Creeping Bellflower
Campanula rapunculoides
Bellflower family (Campanulaceae)

Description: This herbaceous perennial plant is 1½–3' tall and little branched. The central stem is light green to reddish brown, glabrous to slightly hairy, and terete or angular. The alternate leaves are up to 5" long, 2" across, and variable in shape; the lowest leaves are often cordate-oval, while the middle and upper leaves are ovate-lanceolate to lanceolate. All of these leaves have crenate or serrated margins; their upper surfaces are medium to dark green, while their lower surfaces are light green and short-hairy along the veins. The lower and middle leaves have slender petioles, while the upper leaves are more likely to be sessile. Sometimes short leafy stalks develop from the axils of the leaves on the central stem.

The central stem terminates in an elongated raceme of flowers up to 1' long. The flowers tend to nod downward along one side of the raceme on short pedicels. At the base of each pedicel, there is a small leafy bract that is linear-lanceolate in shape. Sometimes nodding flowers are produced from the axils of the upper leaves on longer pedicels. Each flower has a bell-shaped blue-violet corolla, 5 green sepals, 5 stamens, and an exerted style with 3 curled stigmas. The corolla is 1–1½" long and half as much across; it has 5 pointed lobes that are recurved. The sepals are linear-lanceolate in shape, widely spreading to recurved, and much smaller in size than the corolla. The style is white or pale purple. The blooming period occurs from mid-summer to early fall and lasts about a month. Each flower is replaced by a globoid seed capsule that contains several small seeds. The root system is rhizomatous. Occasionally, small colonies of plants are produced from the long rhizomes.
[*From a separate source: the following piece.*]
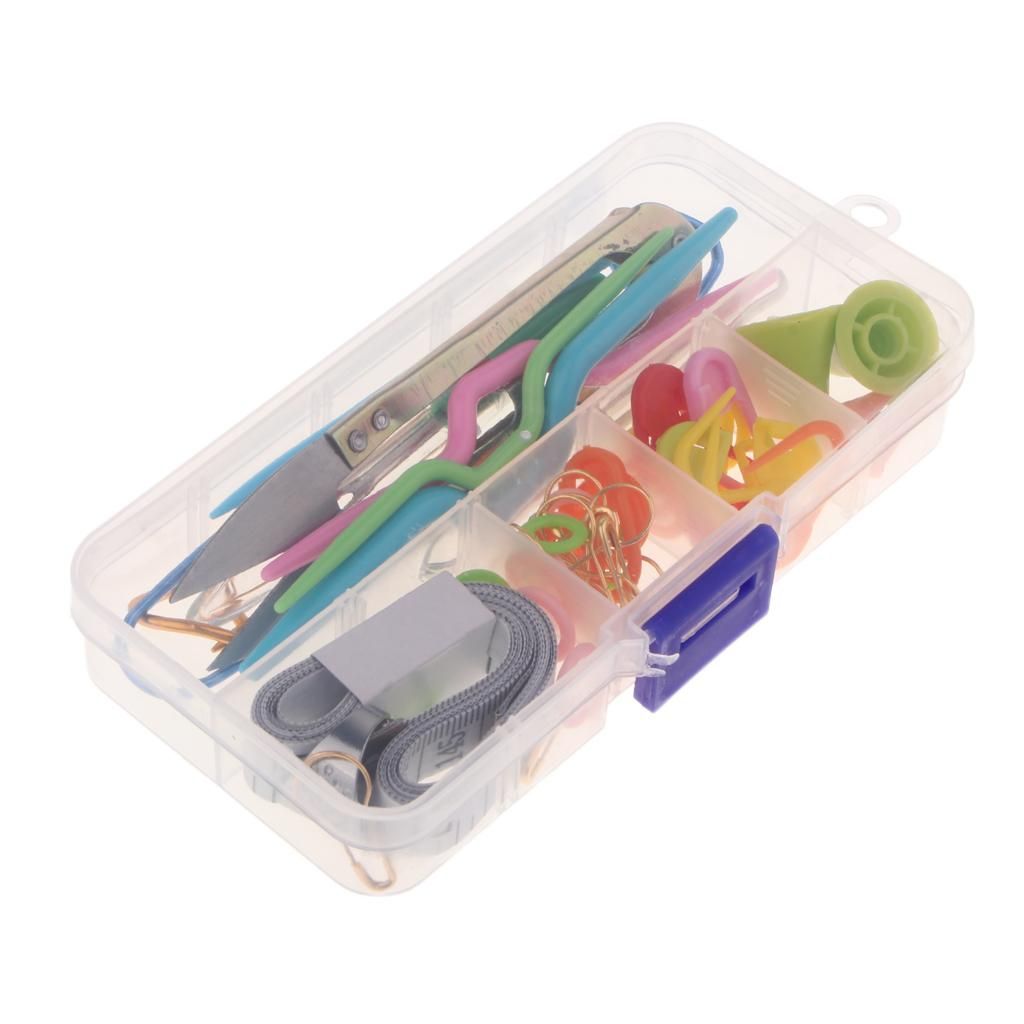 1 Set Knitting Needles Sewing Tools Sewing Kit Supplies With Case Knit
Cultivation: The preference is full to partial sun, more or less mesic conditions, and a fertile loamy soil.

Range & Habitat: Creeping Bellflower naturalizes occasionally in northern Illinois and uncommonly in central Illinois; it is apparently rare or absent in southern Illinois (see Distribution Map). This species was introduced into North America from Europe as an ornamental plant. Habitats include open woodlands, savannas, thickets, fence rows, edges of yards, roadsides, and waste areas. Creeping Bellflower is often cultivated in gardens because of its showy flowers.
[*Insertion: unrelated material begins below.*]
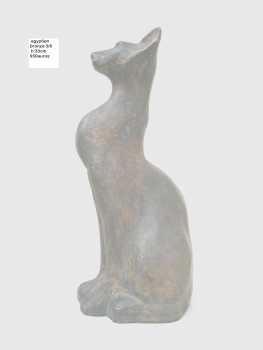 Fotografía: Proponga a vender Estatua Bronce - CHAT EGYPTIEN - Contemporáneo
Faunal Associations: According to Müller (1873/1883), the flowers of Creeping Bellflower produce both nectar and pollen. Müller observed honeybees, bumblebees, Halictid bees, and other bees visiting the flowers for nectar or pollen in Germany; he also observed a Syrphid fly with a long proboscis (Rhingia sp.) sucking nectar from the flowers. Aside from these observations, further information about floral-faunal relationships for this species are unavailable.
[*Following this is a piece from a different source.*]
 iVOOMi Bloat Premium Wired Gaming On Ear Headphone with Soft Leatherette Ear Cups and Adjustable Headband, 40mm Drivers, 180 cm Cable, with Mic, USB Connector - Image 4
Photographic Location: The photographs were taken at a flower garden in Urbana, Illinois.

Comments: Creeping Bellflower has very showy flowers. Among the Eurasian bellflowers that are cultivated, this is the species that most often escapes — in part because it is more commonly cultivated. A species that has naturalized less often in Illinois, Campanula glomerata (Clustered Bellflower), has more erect flowers that are clustered together at the apex each central stem. The flowers of this species have sepals that are longer and wider than those of Creeping Bellflower. The circumboreal Campanula rotundifolia (Harebells) and native Campanulastrum americanum (American Bellflower) are quite distinct from Creeping Bellflower. Harebells has linear leaves along its stems and its bell-shaped flowers are smaller in size (usually less than 1" in length) than those of creeping Bellflower. The flowers of American Bellflower have shallow corollas that are star-shaped with widely spreading lobes; the older scientific name of this latter species is Campanula americana.